## DATA SHOWN
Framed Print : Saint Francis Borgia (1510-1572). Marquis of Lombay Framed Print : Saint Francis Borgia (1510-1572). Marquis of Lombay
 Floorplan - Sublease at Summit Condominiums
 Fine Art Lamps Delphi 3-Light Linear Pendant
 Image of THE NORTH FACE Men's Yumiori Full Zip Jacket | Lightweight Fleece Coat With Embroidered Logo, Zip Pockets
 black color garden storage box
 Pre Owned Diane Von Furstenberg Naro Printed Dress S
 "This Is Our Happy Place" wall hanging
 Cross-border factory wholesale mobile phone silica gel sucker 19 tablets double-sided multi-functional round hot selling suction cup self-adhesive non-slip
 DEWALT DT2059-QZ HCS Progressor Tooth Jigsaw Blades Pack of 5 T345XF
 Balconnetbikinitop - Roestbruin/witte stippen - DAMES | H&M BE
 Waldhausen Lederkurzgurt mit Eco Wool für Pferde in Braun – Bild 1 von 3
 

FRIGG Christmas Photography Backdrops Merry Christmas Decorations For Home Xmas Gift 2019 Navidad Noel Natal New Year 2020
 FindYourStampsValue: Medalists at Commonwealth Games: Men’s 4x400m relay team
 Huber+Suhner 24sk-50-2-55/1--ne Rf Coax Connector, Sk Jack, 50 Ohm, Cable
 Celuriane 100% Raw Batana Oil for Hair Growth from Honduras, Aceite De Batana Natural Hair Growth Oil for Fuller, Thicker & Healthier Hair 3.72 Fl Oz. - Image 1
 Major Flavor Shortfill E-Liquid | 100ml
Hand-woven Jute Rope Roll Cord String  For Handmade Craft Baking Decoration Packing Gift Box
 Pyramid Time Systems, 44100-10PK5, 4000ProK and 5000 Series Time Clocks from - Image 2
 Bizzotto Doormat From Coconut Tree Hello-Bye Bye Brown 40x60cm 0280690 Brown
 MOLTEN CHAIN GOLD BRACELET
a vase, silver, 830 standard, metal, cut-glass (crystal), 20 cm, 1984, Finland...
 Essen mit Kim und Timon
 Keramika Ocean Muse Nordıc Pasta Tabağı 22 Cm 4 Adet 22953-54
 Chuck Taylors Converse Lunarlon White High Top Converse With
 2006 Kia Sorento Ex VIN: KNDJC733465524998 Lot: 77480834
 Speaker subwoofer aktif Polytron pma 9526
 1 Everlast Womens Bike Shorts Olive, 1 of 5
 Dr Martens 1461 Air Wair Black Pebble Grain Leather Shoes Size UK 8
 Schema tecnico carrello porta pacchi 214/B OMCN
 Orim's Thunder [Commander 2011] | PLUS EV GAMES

## WHAT YOU NEED TO DO
Please give an exact copy of the lines above, beginning with the line containing "Pyramid Time Systems, 44100-10PK5, 4000ProK" and running through the line containing "1 Everlast Womens Bike Shorts Olive, 1 of 5", and of no other lines.

## SOLUTION
 Pyramid Time Systems, 44100-10PK5, 4000ProK and 5000 Series Time Clocks from - Image 2
 Bizzotto Doormat From Coconut Tree Hello-Bye Bye Brown 40x60cm 0280690 Brown
 MOLTEN CHAIN GOLD BRACELET
a vase, silver, 830 standard, metal, cut-glass (crystal), 20 cm, 1984, Finland...
 Essen mit Kim und Timon
 Keramika Ocean Muse Nordıc Pasta Tabağı 22 Cm 4 Adet 22953-54
 Chuck Taylors Converse Lunarlon White High Top Converse With
 2006 Kia Sorento Ex VIN: KNDJC733465524998 Lot: 77480834
 Speaker subwoofer aktif Polytron pma 9526
 1 Everlast Womens Bike Shorts Olive, 1 of 5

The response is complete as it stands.